The requirement is for physical machines with small amount of RAM (~8G)
to be able to reboot in a very short period of time (<1s). Yet, there is
a userland state that is expensive to recreate (~2G).

The solution is to boot machines with 2G preserved for persistent
memory.

Copy the state, and hotadd the persistent memory so machine still has
all 8G available for runtime. Before reboot, offline and hotremove
device-dax 2G, copy the memory that is needed to be preserved to pmem0
device, and reboot.

The series of operations look like this:

1. After boot restore /dev/pmem0 to ramdisk to be consumed by apps.
and free ramdisk.
2. Convert raw pmem0 to devdax
ndctl create-namespace --mode devdax --map mem -e namespace0.0 -f
3. Hotadd to System RAM
echo dax0.0 > /sys/bus/dax/drivers/device_dax/unbind
echo dax0.0 > /sys/bus/dax/drivers/kmem/new_id
echo online_movable > /sys/devices/system/memoryXXX/state
4. Before reboot hotremove device-dax memory from System RAM
echo offline > /sys/devices/system/memoryXXX/state
echo dax0.0 > /sys/bus/dax/drivers/kmem/unbind
5. Create raw pmem0 device
ndctl create-namespace --mode raw -e namespace0.0 -f
6. Copy the state that was stored by apps to ramdisk to pmem device
7. Do kexec reboot or reboot through firmware if firmware does not
zero memory in pmem0 region (These machines have only regular
volatile memory). So to have pmem0 device either memmap kernel
parameter is used, or devices nodes in dtb are specified.

Pavel Tatashin (3):
device-dax: fix memory and resource leak if hotplug fails
mm/hotplug: make remove_memory() interface useable
device-dax: "Hotremove" persistent memory that is used like normal RAM

drivers/dax/dax-private.h | 2 ++
drivers/dax/kmem.c | 46 ++++++++++++++++++++++---
include/linux/memory_hotplug.h | 8 +++--
mm/memory_hotplug.c | 61 ++++++++++++++++++++++------------
4 files changed, 89 insertions(+), 28 deletions(-)

--
2.21.0


2019-05-02 18:45:01

by Pasha Tatashin

[permalink] [raw]
Subject: [v5 2/3] mm/hotplug: make remove_memory() interface useable

As of right now remove_memory() interface is inherently broken.
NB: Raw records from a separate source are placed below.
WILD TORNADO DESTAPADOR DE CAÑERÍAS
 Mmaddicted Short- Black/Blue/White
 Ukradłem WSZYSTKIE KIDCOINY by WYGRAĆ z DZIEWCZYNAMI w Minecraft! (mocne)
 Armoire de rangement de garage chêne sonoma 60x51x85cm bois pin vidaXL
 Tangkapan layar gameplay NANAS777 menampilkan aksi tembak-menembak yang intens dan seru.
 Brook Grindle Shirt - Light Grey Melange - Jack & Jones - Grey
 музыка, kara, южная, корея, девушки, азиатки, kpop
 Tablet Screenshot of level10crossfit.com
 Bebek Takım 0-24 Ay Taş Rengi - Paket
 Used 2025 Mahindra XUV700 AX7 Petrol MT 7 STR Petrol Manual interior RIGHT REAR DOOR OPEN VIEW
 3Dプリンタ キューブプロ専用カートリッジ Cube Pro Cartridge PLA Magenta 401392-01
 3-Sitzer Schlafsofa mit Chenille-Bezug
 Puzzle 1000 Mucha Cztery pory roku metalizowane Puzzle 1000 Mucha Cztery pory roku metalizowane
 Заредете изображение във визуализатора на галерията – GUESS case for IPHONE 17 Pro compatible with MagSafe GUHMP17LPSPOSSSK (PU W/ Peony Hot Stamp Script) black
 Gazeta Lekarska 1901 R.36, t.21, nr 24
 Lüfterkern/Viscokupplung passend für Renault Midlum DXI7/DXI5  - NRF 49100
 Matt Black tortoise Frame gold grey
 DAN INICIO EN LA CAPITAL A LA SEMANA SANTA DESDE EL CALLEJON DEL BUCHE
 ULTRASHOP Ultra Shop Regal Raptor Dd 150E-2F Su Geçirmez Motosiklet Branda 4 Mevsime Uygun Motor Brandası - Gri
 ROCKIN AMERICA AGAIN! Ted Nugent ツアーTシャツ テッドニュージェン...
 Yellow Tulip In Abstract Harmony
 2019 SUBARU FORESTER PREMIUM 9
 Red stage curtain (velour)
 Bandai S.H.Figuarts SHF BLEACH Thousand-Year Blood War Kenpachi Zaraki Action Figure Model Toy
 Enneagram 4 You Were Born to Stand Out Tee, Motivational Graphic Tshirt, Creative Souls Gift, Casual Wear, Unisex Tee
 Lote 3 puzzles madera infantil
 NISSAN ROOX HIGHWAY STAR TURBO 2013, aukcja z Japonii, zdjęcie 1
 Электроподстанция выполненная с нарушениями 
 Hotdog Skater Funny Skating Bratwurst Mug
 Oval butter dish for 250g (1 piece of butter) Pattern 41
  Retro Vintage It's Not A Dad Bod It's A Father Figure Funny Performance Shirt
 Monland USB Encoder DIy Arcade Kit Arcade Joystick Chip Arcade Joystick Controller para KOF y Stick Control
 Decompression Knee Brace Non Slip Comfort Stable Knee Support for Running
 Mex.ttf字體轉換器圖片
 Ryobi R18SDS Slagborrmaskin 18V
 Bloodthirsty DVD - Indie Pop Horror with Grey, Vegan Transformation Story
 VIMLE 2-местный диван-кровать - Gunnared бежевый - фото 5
It tries
to remove memory but panics if some memory is not offline. The problem
is that it is impossible to ensure that all memory blocks are offline as
this function also takes lock_device_hotplug that is required to
change memory state via sysfs.

So, between calling this function and offlining all memory blocks there
is always a window when lock_device_hotplug is released, and therefore,
there is always a chance for a panic during this window.

Make this interface to return an error if memory removal fails. This way
it is safe to call this function without panicking machine, and also
makes it symmetric to add_memory() which already returns an error.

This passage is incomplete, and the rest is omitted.